In this post, I am going to show two methods to draw samples from a generic distribution.
But before we get started, we should define what do I mean generic distribution. Here is one example:
$$
f(x)= \begin{cases}
0 & \text{if \(x\)
< 0} \\
c \cdot \sqrt{x} & \text{if $0 < x < 1 $} \\
0 & \text{if \(x > 1\)
} \end{cases}
$$
First, let’s take a look at the probability density function (pdf):

Obviously, this is not any type of distribution we have learned before (not Gaussian, not Poisson, not uniform etc), and therefore, we wouldn’t be able to use build-in functions to draw samples from (in R programming language, we have rnorm()
, rpois()
, runif()
).
Despite the limitations, there are still ways to draw samples from, which I will discuss below:
Method 1: inverse transform sampling
You may have noticed that our function has a constant \(c\)
. In order for this curve to be a legit probability density function, we have to make sure that the area under the curve is 1. In mathematical notation, we have
$$
\int_{0}^{1} c \sqrt{x} = 1
$$
Finding the integral isn’t difficult. We have $$ F = \frac{2c}{3} \cdot x^{1.5} $$
We have to make sure \(F |_{0}^{1} = 1\)
, therefore we solve \(c = 1.5\)
Plug \(c = 1.5\)
into our pdf and cdf, we pdf:
$$
f(x)= \begin{cases}
0 & \text{if \(x\)
< 0} \\
1.5 \cdot \sqrt{x} & \text{if $0 < x < 1 $} \\
0 & \text{if \(x > 1\)
} \end{cases}
$$
And we have cdf:
$$
cdf(x)= \begin{cases}
0 & \text{if \(x\)
< 0} \\
x^{1.5} & \text{if $0 < x < 1 $} \\
1 & \text{if \(x > 1\)
} \end{cases}
$$
The steps I described above are pretty standard and boring, but here comes to the interesting part that allows us to sample from this generic distribution.
Step1: Inverse the cdf
We first find the inverse of cumulative density function. \(x = y^{2/3}\)
Step2: Sampling
We draw sample y from a uniform distribution, then raise this sample to the power of \(2/3\)
, and we will get a customized sampler!
Sampler <- function(n = 1){
y = runif(n, min = 0, max = 1)
x = y ^(2/3)
return(x)
}
# draw one sample
Sampler()
## [1] 0.6835192
# draw 10000 samples
hist(Sampler(10000), probability = T, main = "Histogram, inverse transform sampling")
lines(seq(0,1, 0.01), 1.5 * sqrt(seq(0,1, 0.01)), col = "red" )

The red line represents the theoretical pdf, and it perfectly matches this histogram!
Method 2: accept-reject sampling.
This is a trick that allows you to draw samples without explicitly calculating \(c\)
. It is particularly useful if it’s difficult to normalize the probability (e.g.

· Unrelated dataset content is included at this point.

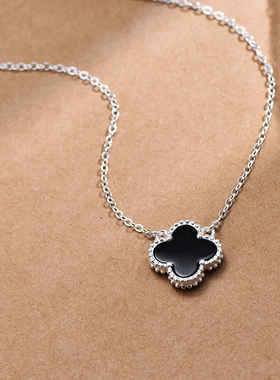 老匠人幸运四叶草990足银锁骨链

Bayesian statistics).
Here are the steps involved:
-
Step1: Find an easy-to-sample distribution
\(g(x)\)
(normal, uniform, etc) and multiply by a constant\(k\)
, so that\(k \times g(x)\)
is always greater than our customized distribution\(f(x)\)
. -
Step2: Draw a sample from
\(g(x)\)
-
Step3: Calculate the probability of acceptance:
\(p (accept) = \frac{f(x)}{k \cdot g(x)}\)
-
Step4: Collect samples. The bag of your collected samples will have a distribution of
\(f(x)\)
.
Notice that you don’t need the full format of f(x). In our case, you can ignore \(c\)
, and set \(f(x) = \sqrt x\)
# our collecting bag
accept = c()
# draw 100000 samples from a uniform distribution
samples = runif(100000, 0, 1)
# iterate all the samples
for (sample in samples){
accpt_prob = sqrt(sample)/(2 * 1) # calculate the probability of acceptance
if (rbinom(n = 1, size = 1, prob = accpt_prob) == 1){ # flip a unfair coin with probability we just calculated. If head up, we accept.
accept = c(accept, sample) # add the accepted samples to our bag
}
}
# draw 10000 samples
hist(accept, probability = T, main = "Histogram, accept-reject sampling.")
lines(seq(0,1, 0.01), 1.5 * sqrt(seq(0,1, 0.01)), col = "red" )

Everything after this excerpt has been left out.